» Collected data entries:
[Start of section]

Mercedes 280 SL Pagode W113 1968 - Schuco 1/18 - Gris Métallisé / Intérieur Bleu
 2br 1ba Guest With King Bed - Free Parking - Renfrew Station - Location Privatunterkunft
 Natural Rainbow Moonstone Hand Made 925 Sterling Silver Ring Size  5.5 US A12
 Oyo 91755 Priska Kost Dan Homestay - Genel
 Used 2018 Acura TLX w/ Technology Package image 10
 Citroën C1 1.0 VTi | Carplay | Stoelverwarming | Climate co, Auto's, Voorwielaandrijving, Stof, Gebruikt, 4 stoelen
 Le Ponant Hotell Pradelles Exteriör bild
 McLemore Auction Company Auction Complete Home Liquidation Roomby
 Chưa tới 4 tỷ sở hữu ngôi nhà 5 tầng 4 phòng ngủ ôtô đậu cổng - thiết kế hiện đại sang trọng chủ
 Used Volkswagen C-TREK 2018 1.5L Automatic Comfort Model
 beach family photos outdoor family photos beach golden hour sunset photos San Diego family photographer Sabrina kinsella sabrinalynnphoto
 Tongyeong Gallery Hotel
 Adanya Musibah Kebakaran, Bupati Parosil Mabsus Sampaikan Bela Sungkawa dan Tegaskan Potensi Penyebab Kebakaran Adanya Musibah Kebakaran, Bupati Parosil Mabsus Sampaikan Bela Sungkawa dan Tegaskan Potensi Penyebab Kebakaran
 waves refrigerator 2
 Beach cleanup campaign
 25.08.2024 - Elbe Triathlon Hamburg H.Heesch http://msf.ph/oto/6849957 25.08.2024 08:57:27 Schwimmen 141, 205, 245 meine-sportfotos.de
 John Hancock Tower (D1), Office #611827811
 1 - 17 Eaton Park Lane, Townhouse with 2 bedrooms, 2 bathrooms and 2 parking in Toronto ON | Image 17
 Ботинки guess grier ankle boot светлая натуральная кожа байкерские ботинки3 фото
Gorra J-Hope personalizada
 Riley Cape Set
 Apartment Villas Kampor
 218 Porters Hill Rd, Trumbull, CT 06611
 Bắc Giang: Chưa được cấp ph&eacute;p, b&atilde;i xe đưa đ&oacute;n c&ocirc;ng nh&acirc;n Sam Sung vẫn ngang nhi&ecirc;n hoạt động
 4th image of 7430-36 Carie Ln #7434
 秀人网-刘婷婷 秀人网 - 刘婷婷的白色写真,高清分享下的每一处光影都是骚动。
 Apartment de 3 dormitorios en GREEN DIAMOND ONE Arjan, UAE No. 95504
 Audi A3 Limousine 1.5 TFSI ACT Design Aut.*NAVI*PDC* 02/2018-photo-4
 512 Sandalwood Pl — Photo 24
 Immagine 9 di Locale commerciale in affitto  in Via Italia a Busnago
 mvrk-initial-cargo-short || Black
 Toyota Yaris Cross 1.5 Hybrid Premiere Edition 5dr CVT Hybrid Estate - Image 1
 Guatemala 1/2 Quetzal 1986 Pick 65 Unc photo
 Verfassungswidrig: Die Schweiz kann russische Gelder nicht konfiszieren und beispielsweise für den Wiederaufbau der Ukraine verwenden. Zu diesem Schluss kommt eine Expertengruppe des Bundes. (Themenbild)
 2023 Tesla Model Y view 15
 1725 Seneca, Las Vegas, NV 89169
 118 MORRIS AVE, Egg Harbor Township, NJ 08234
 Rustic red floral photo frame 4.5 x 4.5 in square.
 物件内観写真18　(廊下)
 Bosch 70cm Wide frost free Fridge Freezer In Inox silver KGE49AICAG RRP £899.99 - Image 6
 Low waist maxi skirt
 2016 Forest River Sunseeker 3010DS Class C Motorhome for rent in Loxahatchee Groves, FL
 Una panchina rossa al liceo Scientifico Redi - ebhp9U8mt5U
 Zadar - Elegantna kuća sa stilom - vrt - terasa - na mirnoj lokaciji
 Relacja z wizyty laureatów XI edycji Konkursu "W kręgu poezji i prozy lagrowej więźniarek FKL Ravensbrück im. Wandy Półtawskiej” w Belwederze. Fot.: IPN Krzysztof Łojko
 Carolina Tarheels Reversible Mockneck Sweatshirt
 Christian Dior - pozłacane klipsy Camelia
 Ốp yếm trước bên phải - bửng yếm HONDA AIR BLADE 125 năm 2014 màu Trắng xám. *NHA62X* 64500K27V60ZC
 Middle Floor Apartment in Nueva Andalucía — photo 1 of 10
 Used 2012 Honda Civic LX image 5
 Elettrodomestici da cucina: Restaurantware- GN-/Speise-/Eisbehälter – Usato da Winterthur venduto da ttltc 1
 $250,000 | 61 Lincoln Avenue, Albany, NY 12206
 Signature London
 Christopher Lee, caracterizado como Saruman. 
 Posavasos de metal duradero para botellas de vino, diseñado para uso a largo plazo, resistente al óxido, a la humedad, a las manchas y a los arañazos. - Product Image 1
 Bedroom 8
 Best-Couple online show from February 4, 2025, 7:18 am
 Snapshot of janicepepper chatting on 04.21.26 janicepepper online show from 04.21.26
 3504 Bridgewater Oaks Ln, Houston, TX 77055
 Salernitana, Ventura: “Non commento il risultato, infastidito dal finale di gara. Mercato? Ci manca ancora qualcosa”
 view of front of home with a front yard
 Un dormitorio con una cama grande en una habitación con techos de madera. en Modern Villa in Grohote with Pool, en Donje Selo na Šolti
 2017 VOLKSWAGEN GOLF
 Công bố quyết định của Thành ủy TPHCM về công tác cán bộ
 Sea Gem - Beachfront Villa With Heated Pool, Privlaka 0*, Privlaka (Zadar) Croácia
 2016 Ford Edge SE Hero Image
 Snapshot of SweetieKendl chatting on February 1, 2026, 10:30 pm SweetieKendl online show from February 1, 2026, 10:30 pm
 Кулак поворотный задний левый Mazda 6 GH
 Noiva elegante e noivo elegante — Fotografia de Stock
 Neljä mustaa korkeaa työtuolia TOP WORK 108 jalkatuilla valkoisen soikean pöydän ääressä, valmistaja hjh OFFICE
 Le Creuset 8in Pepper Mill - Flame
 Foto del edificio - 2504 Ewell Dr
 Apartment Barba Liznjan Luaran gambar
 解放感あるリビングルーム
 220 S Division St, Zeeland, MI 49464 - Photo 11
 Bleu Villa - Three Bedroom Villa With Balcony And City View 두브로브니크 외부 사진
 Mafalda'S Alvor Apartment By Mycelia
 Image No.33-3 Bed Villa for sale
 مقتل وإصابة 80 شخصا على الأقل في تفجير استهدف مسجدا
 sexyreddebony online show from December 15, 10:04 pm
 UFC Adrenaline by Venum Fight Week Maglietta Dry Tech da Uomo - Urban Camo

[End of section]

Write out every record verbatim.

» Your response:
Mercedes 280 SL Pagode W113 1968 - Schuco 1/18 - Gris Métallisé / Intérieur Bleu
 2br 1ba Guest With King Bed - Free Parking - Renfrew Station - Location Privatunterkunft
 Natural Rainbow Moonstone Hand Made 925 Sterling Silver Ring Size  5.5 US A12
 Oyo 91755 Priska Kost Dan Homestay - Genel
 Used 2018 Acura TLX w/ Technology Package image 10
 Citroën C1 1.0 VTi | Carplay | Stoelverwarming | Climate co, Auto's, Voorwielaandrijving, Stof, Gebruikt, 4 stoelen
 Le Ponant Hotell Pradelles Exteriör bild
 McLemore Auction Company Auction Complete Home Liquidation Roomby
 Chưa tới 4 tỷ sở hữu ngôi nhà 5 tầng 4 phòng ngủ ôtô đậu cổng - thiết kế hiện đại sang trọng chủ
 Used Volkswagen C-TREK 2018 1.5L Automatic Comfort Model
 beach family photos outdoor family photos beach golden hour sunset photos San Diego family photographer Sabrina kinsella sabrinalynnphoto
 Tongyeong Gallery Hotel
 Adanya Musibah Kebakaran, Bupati Parosil Mabsus Sampaikan Bela Sungkawa dan Tegaskan Potensi Penyebab Kebakaran Adanya Musibah Kebakaran, Bupati Parosil Mabsus Sampaikan Bela Sungkawa dan Tegaskan Potensi Penyebab Kebakaran
 waves refrigerator 2
 Beach cleanup campaign
 25.08.2024 - Elbe Triathlon Hamburg H.Heesch http://msf.ph/oto/6849957 25.08.2024 08:57:27 Schwimmen 141, 205, 245 meine-sportfotos.de
 John Hancock Tower (D1), Office #611827811
 1 - 17 Eaton Park Lane, Townhouse with 2 bedrooms, 2 bathrooms and 2 parking in Toronto ON | Image 17
 Ботинки guess grier ankle boot светлая натуральная кожа байкерские ботинки3 фото
Gorra J-Hope personalizada
 Riley Cape Set
 Apartment Villas Kampor
 218 Porters Hill Rd, Trumbull, CT 06611
 Bắc Giang: Chưa được cấp ph&eacute;p, b&atilde;i xe đưa đ&oacute;n c&ocirc;ng nh&acirc;n Sam Sung vẫn ngang nhi&ecirc;n hoạt động
 4th image of 7430-36 Carie Ln #7434
 秀人网-刘婷婷 秀人网 - 刘婷婷的白色写真,高清分享下的每一处光影都是骚动。
 Apartment de 3 dormitorios en GREEN DIAMOND ONE Arjan, UAE No. 95504
 Audi A3 Limousine 1.5 TFSI ACT Design Aut.*NAVI*PDC* 02/2018-photo-4
 512 Sandalwood Pl — Photo 24
 Immagine 9 di Locale commerciale in affitto  in Via Italia a Busnago
 mvrk-initial-cargo-short || Black
 Toyota Yaris Cross 1.5 Hybrid Premiere Edition 5dr CVT Hybrid Estate - Image 1
 Guatemala 1/2 Quetzal 1986 Pick 65 Unc photo
 Verfassungswidrig: Die Schweiz kann russische Gelder nicht konfiszieren und beispielsweise für den Wiederaufbau der Ukraine verwenden. Zu diesem Schluss kommt eine Expertengruppe des Bundes. (Themenbild)
 2023 Tesla Model Y view 15
 1725 Seneca, Las Vegas, NV 89169
 118 MORRIS AVE, Egg Harbor Township, NJ 08234
 Rustic red floral photo frame 4.5 x 4.5 in square.
 物件内観写真18　(廊下)
 Bosch 70cm Wide frost free Fridge Freezer In Inox silver KGE49AICAG RRP £899.99 - Image 6
 Low waist maxi skirt
 2016 Forest River Sunseeker 3010DS Class C Motorhome for rent in Loxahatchee Groves, FL
 Una panchina rossa al liceo Scientifico Redi - ebhp9U8mt5U
 Zadar - Elegantna kuća sa stilom - vrt - terasa - na mirnoj lokaciji
 Relacja z wizyty laureatów XI edycji Konkursu "W kręgu poezji i prozy lagrowej więźniarek FKL Ravensbrück im. Wandy Półtawskiej” w Belwederze. Fot.: IPN Krzysztof Łojko
 Carolina Tarheels Reversible Mockneck Sweatshirt
 Christian Dior - pozłacane klipsy Camelia
 Ốp yếm trước bên phải - bửng yếm HONDA AIR BLADE 125 năm 2014 màu Trắng xám. *NHA62X* 64500K27V60ZC
 Middle Floor Apartment in Nueva Andalucía — photo 1 of 10
 Used 2012 Honda Civic LX image 5
 Elettrodomestici da cucina: Restaurantware- GN-/Speise-/Eisbehälter – Usato da Winterthur venduto da ttltc 1
 $250,000 | 61 Lincoln Avenue, Albany, NY 12206
 Signature London
 Christopher Lee, caracterizado como Saruman. 
 Posavasos de metal duradero para botellas de vino, diseñado para uso a largo plazo, resistente al óxido, a la humedad, a las manchas y a los arañazos. - Product Image 1
 Bedroom 8
 Best-Couple online show from February 4, 2025, 7:18 am
 Snapshot of janicepepper chatting on 04.21.26 janicepepper online show from 04.21.26
 3504 Bridgewater Oaks Ln, Houston, TX 77055
 Salernitana, Ventura: “Non commento il risultato, infastidito dal finale di gara. Mercato? Ci manca ancora qualcosa”
 view of front of home with a front yard
 Un dormitorio con una cama grande en una habitación con techos de madera. en Modern Villa in Grohote with Pool, en Donje Selo na Šolti
 2017 VOLKSWAGEN GOLF
 Công bố quyết định của Thành ủy TPHCM về công tác cán bộ
 Sea Gem - Beachfront Villa With Heated Pool, Privlaka 0*, Privlaka (Zadar) Croácia
 2016 Ford Edge SE Hero Image
 Snapshot of SweetieKendl chatting on February 1, 2026, 10:30 pm SweetieKendl online show from February 1, 2026, 10:30 pm
 Кулак поворотный задний левый Mazda 6 GH
 Noiva elegante e noivo elegante — Fotografia de Stock
 Neljä mustaa korkeaa työtuolia TOP WORK 108 jalkatuilla valkoisen soikean pöydän ääressä, valmistaja hjh OFFICE
 Le Creuset 8in Pepper Mill - Flame
 Foto del edificio - 2504 Ewell Dr
 Apartment Barba Liznjan Luaran gambar
 解放感あるリビングルーム
 220 S Division St, Zeeland, MI 49464 - Photo 11
 Bleu Villa - Three Bedroom Villa With Balcony And City View 두브로브니크 외부 사진
 Mafalda'S Alvor Apartment By Mycelia
 Image No.33-3 Bed Villa for sale
 مقتل وإصابة 80 شخصا على الأقل في تفجير استهدف مسجدا
 sexyreddebony online show from December 15, 10:04 pm
 UFC Adrenaline by Venum Fight Week Maglietta Dry Tech da Uomo - Urban Camo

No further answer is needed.